Big tech stocks also appeared to shrug off the impact of Nvidia’s results. Shares of Alphabet (Google’s parent company), Meta Platforms, Amazon.com and Apple rose between 0.4% and 1.5%.

“Nvidia is seen as a bellwether, but even though the numbers are a bit weak, I think people are glad that it’s no longer a hurdle. The long-term AI story is still intact. It’s a relief that the numbers haven’t been disastrous,” said Ben Barringer, analyst at Quilter Cheviot.

This comes at a time when investors are also concerned about already high spending by Microsoft, Alphabet and other major players in the race to dominate emerging artificial intelligence technology. Microsoft and Alphabet shares remain down since its reports last month.

Analysts said Nvidia’s delay in production of its next-generation Blackwell chips until the fourth quarter was not a major concern as the company is seeing strong demand for its current-generation Hopper chips.

Nvidia also revealed it had received requests for information from regulators in the US and South Korea, adding to earlier inquiries from the EU, UK and China, raising concerns of increased regulatory scrutiny of the company.

“After the Justice Department’s victory over Google, big tech companies have to be more mindful of regulatory intervention… historically, the threat was kind of ineffective. But now that they’ve gotten this victory over Google, investors have to pay a little bit more attention,” Barringer said.

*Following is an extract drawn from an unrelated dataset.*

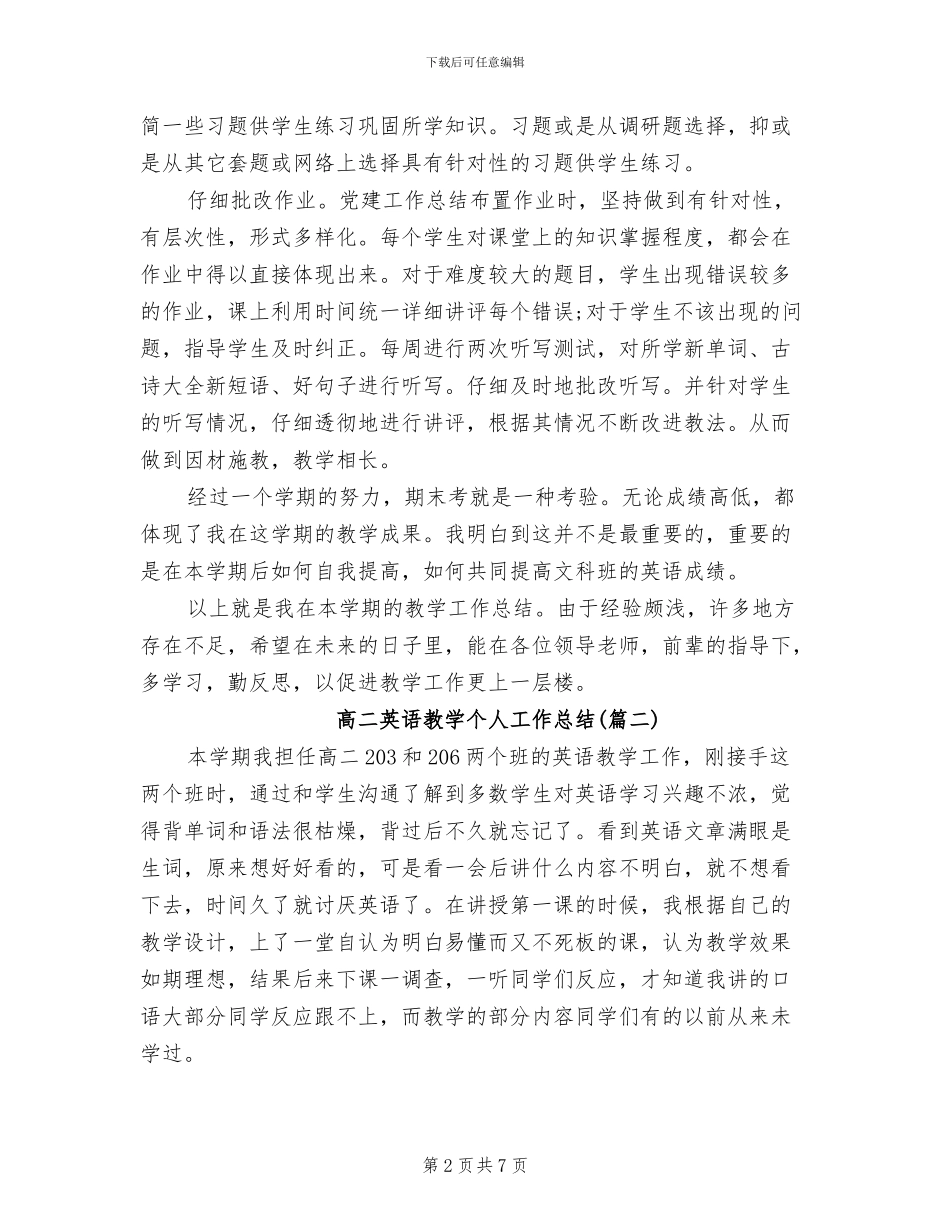 2024年高二英语教学个人工作总结_第2页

The mediocre response to Nvidia earnings report It could help set the tone for market sentiment In September, the S&P 500 fell 0.8% on average since World War II, the worst performance of any month, according to CFRA data.

Investors are also looking to next week’s U.S. jobs report for signs of whether the labor market weakness that roiled stocks in early August has dissipated.

Optimism about artificial intelligence technology, in part due to Nvidia’s explosive growth, has driven gains on Wall Street over the past year.

But confidence in that rebound has been shaken in recent weeks following an earnings season in which investors punished shares of technology companies whose results failed to justify lofty valuations.

According to LSEG data, Nvidia expects revenue of $32.5 billion, with a margin of error of 2%, for the fiscal third quarter, compared with analyst estimates of $31.8 billion. That revenue forecast implies 80% growth from the same quarter last year.

The Santa Clara, California-based company expects an adjusted gross margin of 75%, plus or minus 50 basis points, in the third quarter. Analysts, on average, forecast a gross margin of 75.5%.

Nvidia shares fell 2.1% in Wednesday’s session ahead of its report. They are still up about 150% so far in 2024, making them the biggest winners of Wall Street’s artificial intelligence rally.

The stock was valued at 36 times earnings before its quarterly report, a cheap figure compared with its average of 41 over the past five years. The S&P 500 is trading at 21 times expected earnings, compared with a five-year average of 18.